Example 1: Memory accesses and performance

How much faster do you expect Loop 2 to run, compared Loop 1?

int[] arr = new int[64 * 1024 * 1024];

// Loop 1
for (int i = 0; i < arr.Length; i++) arr[i] *= 3;

// Loop 2
for (int i = 0; i < arr.Length; i += 16) arr[i] *= 3;

The first loop multiplies every value in the array by 3, and the second loop multiplies only every 16-th. The second loop only does about 6% of the work of the first loop, but on modern machines, the two for-loops take about the same time: 80 and 78 ms respectively on my machine.

The reason why the loops take the same amount of time has to do with memory. The running time of these loops is dominated by the memory accesses to the array, not by the integer multiplications. And, as I’ll explain on Example 2, the hardware will perform the same main memory accesses for the two loops.

Example 2: Impact of cache lines

Let’s explore this example deeper. We will try other step values, not just 1 and 16:

for (int i = 0; i < arr.Length; i += K) arr[i] *= 3;

Here are the running times of this loop for different step values (K):

image

Notice that while step is in the range from 1 to 16, the running time of the for-loop hardly changes. But from 16 onwards, the running time is halved each time we double the step.

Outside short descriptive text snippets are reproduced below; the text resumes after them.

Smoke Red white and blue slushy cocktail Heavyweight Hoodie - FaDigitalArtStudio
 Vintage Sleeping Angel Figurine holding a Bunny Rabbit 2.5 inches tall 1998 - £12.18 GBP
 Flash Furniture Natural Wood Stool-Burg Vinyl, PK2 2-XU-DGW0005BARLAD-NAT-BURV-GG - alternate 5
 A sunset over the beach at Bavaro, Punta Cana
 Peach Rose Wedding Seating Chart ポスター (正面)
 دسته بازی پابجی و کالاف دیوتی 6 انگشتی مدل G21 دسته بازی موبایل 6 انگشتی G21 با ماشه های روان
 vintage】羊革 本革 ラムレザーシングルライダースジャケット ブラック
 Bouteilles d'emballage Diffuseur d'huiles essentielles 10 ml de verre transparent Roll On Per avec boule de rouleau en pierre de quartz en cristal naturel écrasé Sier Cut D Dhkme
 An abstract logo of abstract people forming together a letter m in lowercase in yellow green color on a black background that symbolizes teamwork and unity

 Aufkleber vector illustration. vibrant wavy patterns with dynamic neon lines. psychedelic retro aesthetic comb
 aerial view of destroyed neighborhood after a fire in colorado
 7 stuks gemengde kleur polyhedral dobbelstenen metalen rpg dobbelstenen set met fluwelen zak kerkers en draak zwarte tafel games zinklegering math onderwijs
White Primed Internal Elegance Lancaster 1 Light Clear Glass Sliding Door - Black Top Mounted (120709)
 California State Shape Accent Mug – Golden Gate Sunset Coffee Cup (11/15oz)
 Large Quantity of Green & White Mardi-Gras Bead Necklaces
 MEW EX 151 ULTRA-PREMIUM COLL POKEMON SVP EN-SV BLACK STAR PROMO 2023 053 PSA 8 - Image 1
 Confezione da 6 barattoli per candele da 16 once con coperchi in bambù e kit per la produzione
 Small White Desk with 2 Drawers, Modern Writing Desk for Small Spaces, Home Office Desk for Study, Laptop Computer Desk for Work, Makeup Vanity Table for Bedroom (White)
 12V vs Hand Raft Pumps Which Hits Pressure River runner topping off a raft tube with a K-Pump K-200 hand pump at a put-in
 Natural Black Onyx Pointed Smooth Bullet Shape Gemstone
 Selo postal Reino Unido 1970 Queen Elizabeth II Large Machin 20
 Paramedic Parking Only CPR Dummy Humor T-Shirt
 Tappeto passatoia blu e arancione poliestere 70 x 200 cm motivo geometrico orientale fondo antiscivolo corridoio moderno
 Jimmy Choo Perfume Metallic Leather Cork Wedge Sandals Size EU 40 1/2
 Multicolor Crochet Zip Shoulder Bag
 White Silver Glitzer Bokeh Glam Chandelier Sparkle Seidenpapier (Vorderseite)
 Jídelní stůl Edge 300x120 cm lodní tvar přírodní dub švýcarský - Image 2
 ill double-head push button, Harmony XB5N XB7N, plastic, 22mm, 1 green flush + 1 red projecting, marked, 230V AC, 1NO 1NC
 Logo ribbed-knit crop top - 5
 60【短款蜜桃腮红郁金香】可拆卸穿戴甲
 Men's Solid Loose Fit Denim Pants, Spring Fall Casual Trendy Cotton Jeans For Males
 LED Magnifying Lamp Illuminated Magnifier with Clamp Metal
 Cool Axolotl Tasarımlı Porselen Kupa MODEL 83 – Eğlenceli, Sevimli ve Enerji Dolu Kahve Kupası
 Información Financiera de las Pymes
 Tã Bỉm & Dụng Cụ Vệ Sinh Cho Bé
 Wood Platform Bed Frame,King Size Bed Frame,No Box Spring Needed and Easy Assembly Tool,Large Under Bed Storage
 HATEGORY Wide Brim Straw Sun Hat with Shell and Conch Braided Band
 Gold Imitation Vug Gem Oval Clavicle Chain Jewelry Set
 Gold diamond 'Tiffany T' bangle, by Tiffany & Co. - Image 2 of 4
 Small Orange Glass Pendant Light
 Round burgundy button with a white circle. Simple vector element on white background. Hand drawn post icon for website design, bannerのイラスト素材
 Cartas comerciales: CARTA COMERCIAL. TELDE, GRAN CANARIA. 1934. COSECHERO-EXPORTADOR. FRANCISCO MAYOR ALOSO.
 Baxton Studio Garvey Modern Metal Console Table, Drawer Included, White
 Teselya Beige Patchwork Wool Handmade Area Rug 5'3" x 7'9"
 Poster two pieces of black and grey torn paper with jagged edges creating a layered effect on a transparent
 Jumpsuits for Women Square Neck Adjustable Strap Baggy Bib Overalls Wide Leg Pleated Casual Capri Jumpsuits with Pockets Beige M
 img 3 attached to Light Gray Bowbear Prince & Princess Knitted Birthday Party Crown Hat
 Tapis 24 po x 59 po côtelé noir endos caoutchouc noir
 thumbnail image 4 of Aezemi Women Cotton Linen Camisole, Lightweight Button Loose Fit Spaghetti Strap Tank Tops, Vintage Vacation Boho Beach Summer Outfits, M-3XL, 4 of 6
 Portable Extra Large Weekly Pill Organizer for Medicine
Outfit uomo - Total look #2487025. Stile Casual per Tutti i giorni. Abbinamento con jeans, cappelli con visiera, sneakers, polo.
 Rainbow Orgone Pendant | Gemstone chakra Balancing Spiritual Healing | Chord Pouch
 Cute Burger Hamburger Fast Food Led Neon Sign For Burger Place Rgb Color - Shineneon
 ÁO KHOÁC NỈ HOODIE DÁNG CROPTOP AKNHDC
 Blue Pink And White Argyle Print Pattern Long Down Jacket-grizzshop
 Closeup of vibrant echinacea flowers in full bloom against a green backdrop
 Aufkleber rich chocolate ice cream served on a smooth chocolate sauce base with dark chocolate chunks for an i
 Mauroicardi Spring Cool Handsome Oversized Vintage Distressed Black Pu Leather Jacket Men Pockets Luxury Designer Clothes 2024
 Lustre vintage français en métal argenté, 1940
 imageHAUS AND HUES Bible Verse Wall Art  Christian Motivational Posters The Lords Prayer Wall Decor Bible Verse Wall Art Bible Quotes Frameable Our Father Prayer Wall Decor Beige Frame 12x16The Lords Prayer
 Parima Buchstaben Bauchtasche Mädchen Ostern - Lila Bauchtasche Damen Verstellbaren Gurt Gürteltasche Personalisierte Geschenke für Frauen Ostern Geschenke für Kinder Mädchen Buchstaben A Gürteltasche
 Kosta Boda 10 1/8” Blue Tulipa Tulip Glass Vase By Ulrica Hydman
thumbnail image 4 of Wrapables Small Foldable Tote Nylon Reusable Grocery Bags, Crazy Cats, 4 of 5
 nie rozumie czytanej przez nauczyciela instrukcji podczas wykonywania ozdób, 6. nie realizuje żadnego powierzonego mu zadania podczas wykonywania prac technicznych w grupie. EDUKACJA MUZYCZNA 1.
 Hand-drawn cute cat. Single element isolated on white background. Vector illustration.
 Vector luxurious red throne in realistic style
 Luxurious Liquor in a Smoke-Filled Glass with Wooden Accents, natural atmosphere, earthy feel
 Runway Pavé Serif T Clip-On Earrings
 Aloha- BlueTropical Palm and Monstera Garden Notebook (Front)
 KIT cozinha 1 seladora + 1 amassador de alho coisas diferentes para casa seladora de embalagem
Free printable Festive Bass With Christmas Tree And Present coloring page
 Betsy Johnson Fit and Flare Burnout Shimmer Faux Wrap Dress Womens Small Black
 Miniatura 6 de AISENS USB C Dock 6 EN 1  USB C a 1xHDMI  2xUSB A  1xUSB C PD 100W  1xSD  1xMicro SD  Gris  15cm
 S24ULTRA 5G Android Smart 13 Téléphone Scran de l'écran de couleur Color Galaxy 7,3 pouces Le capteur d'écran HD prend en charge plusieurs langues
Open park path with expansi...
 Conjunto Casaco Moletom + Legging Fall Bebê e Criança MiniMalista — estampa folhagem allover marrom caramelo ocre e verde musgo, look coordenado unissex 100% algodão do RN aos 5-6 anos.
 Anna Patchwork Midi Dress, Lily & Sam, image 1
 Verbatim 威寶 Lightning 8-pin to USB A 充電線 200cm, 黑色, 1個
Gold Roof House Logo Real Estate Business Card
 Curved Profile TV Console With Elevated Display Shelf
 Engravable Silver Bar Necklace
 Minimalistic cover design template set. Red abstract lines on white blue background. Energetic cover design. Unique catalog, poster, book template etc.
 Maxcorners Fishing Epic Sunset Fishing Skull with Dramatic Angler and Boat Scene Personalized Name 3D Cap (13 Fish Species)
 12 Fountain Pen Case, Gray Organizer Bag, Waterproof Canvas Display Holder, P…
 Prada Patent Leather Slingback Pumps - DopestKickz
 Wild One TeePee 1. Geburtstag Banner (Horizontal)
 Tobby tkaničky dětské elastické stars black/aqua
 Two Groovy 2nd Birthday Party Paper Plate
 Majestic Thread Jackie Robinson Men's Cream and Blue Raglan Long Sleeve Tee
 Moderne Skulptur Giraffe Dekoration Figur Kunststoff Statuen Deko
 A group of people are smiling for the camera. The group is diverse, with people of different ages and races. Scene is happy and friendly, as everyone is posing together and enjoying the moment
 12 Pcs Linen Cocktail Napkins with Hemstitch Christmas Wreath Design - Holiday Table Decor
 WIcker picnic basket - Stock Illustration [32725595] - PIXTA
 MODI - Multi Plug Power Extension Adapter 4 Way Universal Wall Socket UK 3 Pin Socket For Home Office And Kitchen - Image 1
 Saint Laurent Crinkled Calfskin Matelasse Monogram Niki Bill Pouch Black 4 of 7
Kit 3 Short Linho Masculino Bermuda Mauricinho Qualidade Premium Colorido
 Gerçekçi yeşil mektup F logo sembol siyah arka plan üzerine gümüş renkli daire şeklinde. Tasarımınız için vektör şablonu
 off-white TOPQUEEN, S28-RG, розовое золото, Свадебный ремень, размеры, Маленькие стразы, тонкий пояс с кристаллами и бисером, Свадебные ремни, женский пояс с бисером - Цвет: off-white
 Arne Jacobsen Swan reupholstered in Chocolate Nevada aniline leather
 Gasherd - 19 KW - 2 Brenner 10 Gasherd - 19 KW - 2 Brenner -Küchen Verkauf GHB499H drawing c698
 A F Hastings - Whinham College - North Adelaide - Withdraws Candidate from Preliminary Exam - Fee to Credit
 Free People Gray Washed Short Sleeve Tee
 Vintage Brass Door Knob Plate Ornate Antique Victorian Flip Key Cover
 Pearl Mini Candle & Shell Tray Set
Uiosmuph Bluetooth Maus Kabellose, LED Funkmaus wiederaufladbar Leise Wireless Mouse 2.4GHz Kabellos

The reason behind this is that today’s CPUs do not access memory byte by byte. Instead, they fetch memory in chunks of (typically) 64 bytes, called cache lines. When you read a particular memory location, the entire cache line is fetched from the main memory into the cache. And, accessing other values from the same cache line is cheap!

Since 16 ints take up 64 bytes (one cache line), for-loops with a step between 1 and 16 have to touch the same number of cache lines: all of the cache lines in the array. But once the step is 32, we’ll only touch roughly every other cache line, and once it is 64, only every fourth.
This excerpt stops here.